Pulmonary allergic responses augment interleukin-13 secretion by circulating basophils yet suppress interferon-alpha from plasmacytoid dendritic cells.

BACKGROUND: Allergic inflammatory processes may have the capacity to propagate systemically through the actions of circulating leucocytes. Consequently, basophils from allergic individuals are often 'primed', as evidenced by their hyperresponsiveness in vitro. IFN-alpha secreted predominantly by plasmacytoid dendritic cells (pDCs), suppresses basophil priming for IL-13 production in vitro.
OBJECTIVE: This study sought in vivo correlates arising during experimental allergen challenge that support an 'axis-interplay' between basophils and pDCs.
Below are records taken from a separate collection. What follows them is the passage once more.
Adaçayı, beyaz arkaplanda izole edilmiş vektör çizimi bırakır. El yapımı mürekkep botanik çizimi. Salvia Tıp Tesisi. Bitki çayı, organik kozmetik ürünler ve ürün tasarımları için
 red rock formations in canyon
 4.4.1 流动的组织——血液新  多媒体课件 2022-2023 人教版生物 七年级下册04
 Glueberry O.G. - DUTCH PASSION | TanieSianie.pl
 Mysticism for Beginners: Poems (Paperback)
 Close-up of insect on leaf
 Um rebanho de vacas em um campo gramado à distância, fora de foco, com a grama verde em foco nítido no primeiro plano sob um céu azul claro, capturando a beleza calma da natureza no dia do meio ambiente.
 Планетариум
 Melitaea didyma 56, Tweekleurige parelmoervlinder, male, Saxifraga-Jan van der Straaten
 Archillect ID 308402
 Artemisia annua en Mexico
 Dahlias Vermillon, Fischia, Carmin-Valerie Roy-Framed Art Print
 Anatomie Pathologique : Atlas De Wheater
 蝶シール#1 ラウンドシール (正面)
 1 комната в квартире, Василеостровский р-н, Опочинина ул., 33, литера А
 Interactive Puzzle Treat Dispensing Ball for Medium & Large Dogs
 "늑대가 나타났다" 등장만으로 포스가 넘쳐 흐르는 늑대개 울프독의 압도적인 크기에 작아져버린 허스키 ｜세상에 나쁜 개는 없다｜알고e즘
METHODS: Using segmental allergen challenge (SAC) in the lung, the immune responses of both cell types from the blood were investigated in volunteers (n=10) before and 24 h after allergen exposure. These responses were then correlated with inflammatory parameters measured in bronchoalveolar lavage fluids (BALF).
RESULTS: In the blood, SAC significantly augmented IL-13 secretion by basophils induced by IL-3 (P=0.009), yet reduced IFN-alpha secreted by pDCs stimulated with CpG (P=0.018). Both parameters were negatively correlated (P=0.0015), at least among those subjects that secreted the latter. Circulating basophil IL-13 responses further correlated with post-SAC bronchoalveolar lavage (BAL) parameters including IL-13 protein (P=0.04), basophil (P=0.051), eosinophil (P=0.0018), and total cell counts (P<0.003). Basophil and IL-13 levels in BAL correlated likewise (P=0.0002).
CONCLUSIONS: These results support a mechanism of immune regulation whereby an allergen reduces innate immune responses and IFN-alpha production by pDCs, resulting in an enhanced inflammation and basophil cytokine production at sites of allergen exposure.